>>>
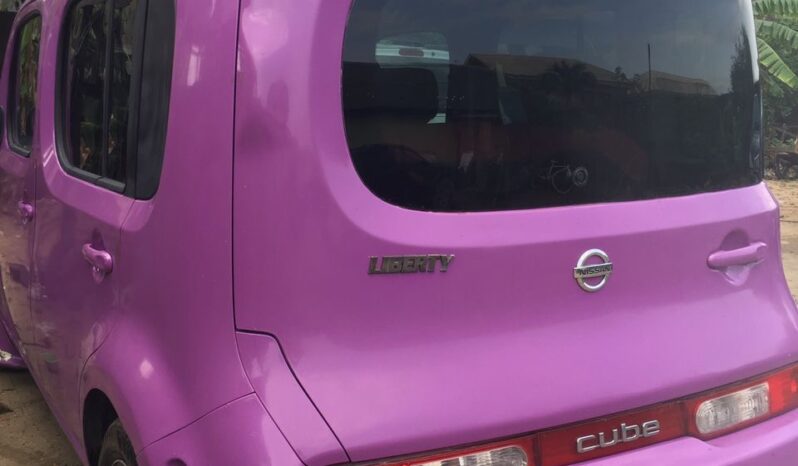 2014 Nissan Cube full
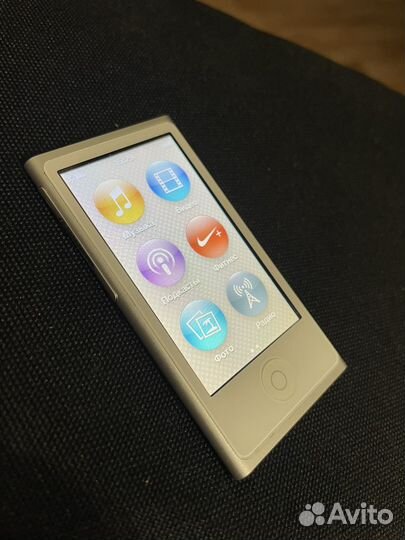 Плеер iPod nano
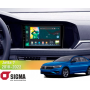 Sigma X9232 2+32 Gb Volkswagen Jetta 7 2018-2022  9" Штатная магнитола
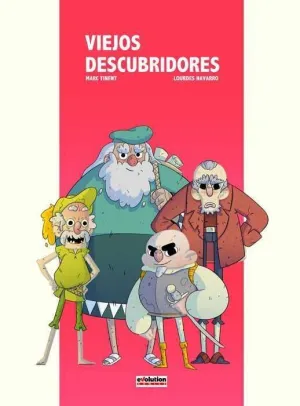 VIEJOS DESCUBRIDORES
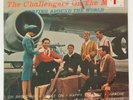 SEALED LP / CHALLENGERS ON THE MOVE / Surfing Around The World / VAULT LP-102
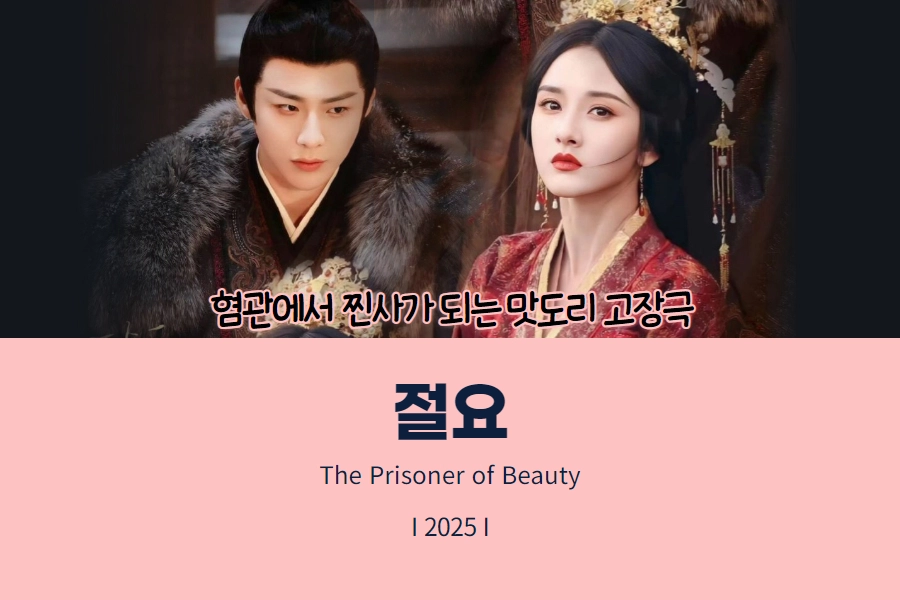 중국드라마 절요 썸네일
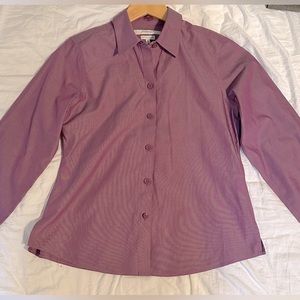 Women’s Foxcroft Cotton Button Down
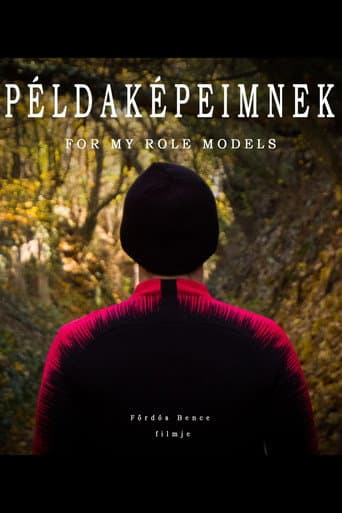 For My Role Models (2023) poster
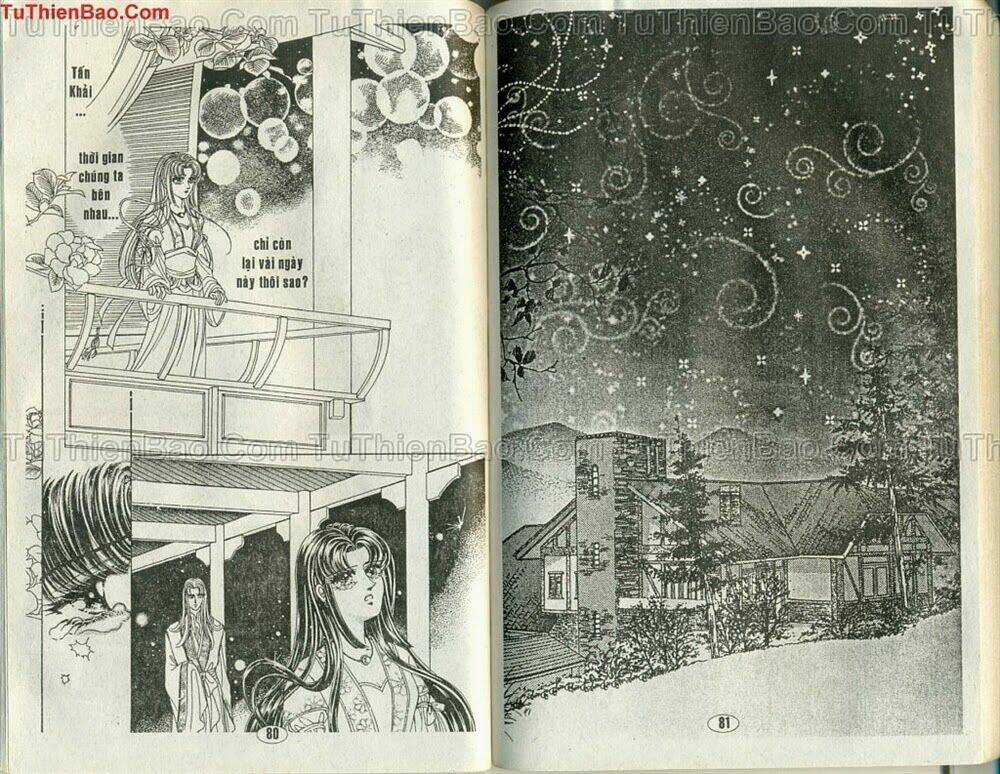 Hạt Lệ Trân Châu - Chapter 4 - Trang 40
<<<
Your answer must be the lines from the one containing "Плеер iPod nano" through the last line of the records, printed exactly with no pictures; please include both ends.

• [Result for this task]:
 Плеер iPod nano
 Sigma X9232 2+32 Gb Volkswagen Jetta 7 2018-2022  9" Штатная магнитола
 VIEJOS DESCUBRIDORES
 SEALED LP / CHALLENGERS ON THE MOVE / Surfing Around The World / VAULT LP-102
 중국드라마 절요 썸네일
 Women’s Foxcroft Cotton Button Down
 For My Role Models (2023) poster
 Hạt Lệ Trân Châu - Chapter 4 - Trang 40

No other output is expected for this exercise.